After installation of the FemoStop in the ultrasound laboratory the patient is allowed to return to the ward. During compression, the ultrasound machine is free for use on other patients. This method for compression is thus considerably more attractive in terms of personnel and equipment use.
FemoStop compression was successful in 13 of our 14 patients, comparable to the freehand method.1 ,2 ,4 ,5 The success rate of ultrasound guided compression repair is lower in patients taking anticoagulants.2 ,4 The number of patients in our study was too small to demonstrate a significant difference between patients taking and not taking anticoagulants, although compression time was much longer in patients taking anticoagulants. Complications with ultrasound guided compression in other studies include femoral artery thrombosis,1 pseudoaneurysm rupture,10and femoral vein thrombosis.8 There were no complications in our study patients.
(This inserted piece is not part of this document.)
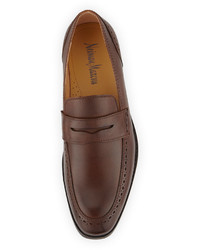 Neiman Marcus Palmer Brogue Trim Leather Loafer Tobacco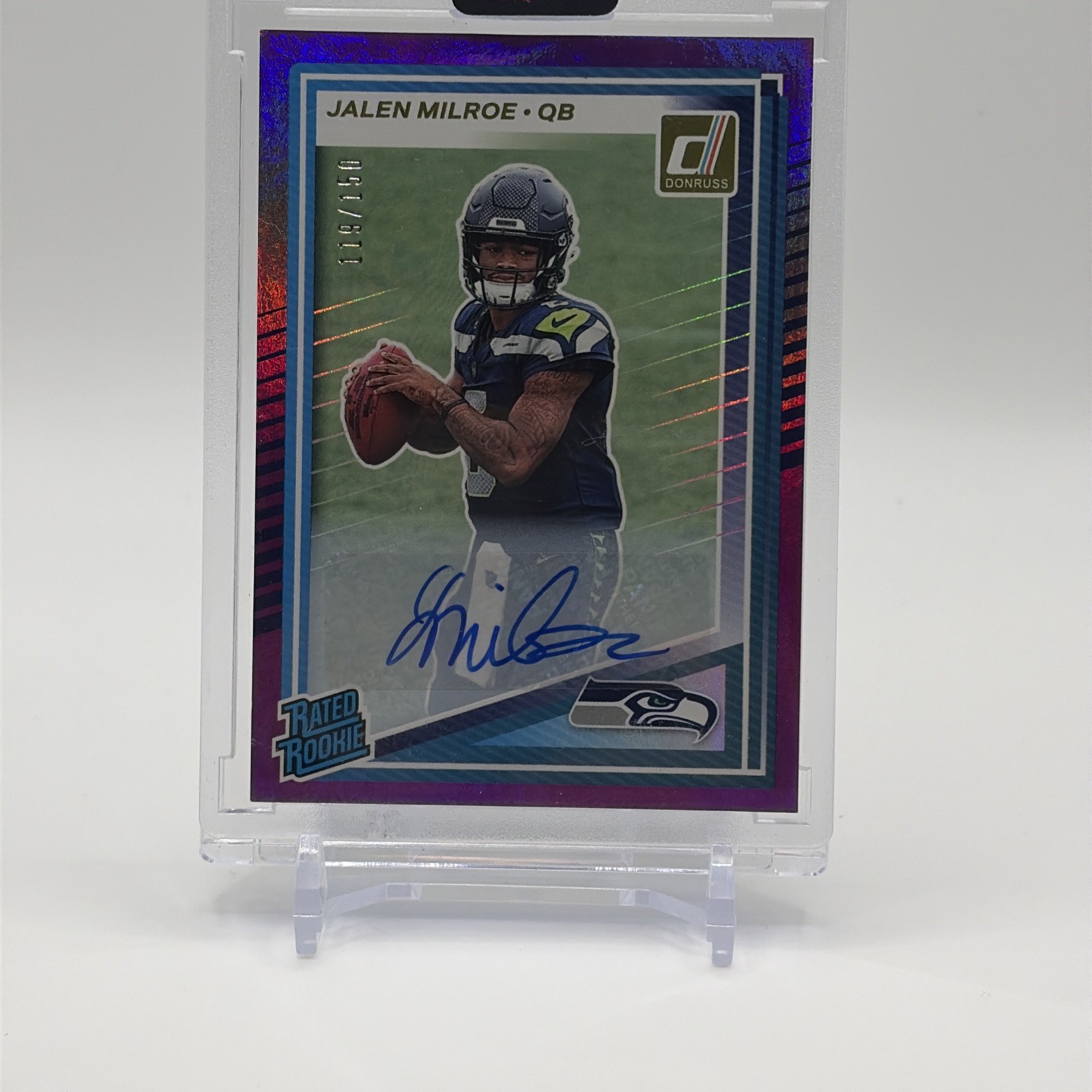 2025 Donruss Jalen Milroe Auto Rated Rookie Purple Press Proof SP /150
The literature on immediate and follow up results of ultrasound guided compression repair using colour Doppler ultrasound is scarce.1 ,11 Follow up with colour Doppler ultrasound in our study showed no relapse of pseudoaneurysms at 12 hours.
Our study is limited by the small number of patients and absence of randomised comparison with established strategies. Such trials are necessary to test the clinical and economic superiority of mechanical compression with FemoStop over the freehand method.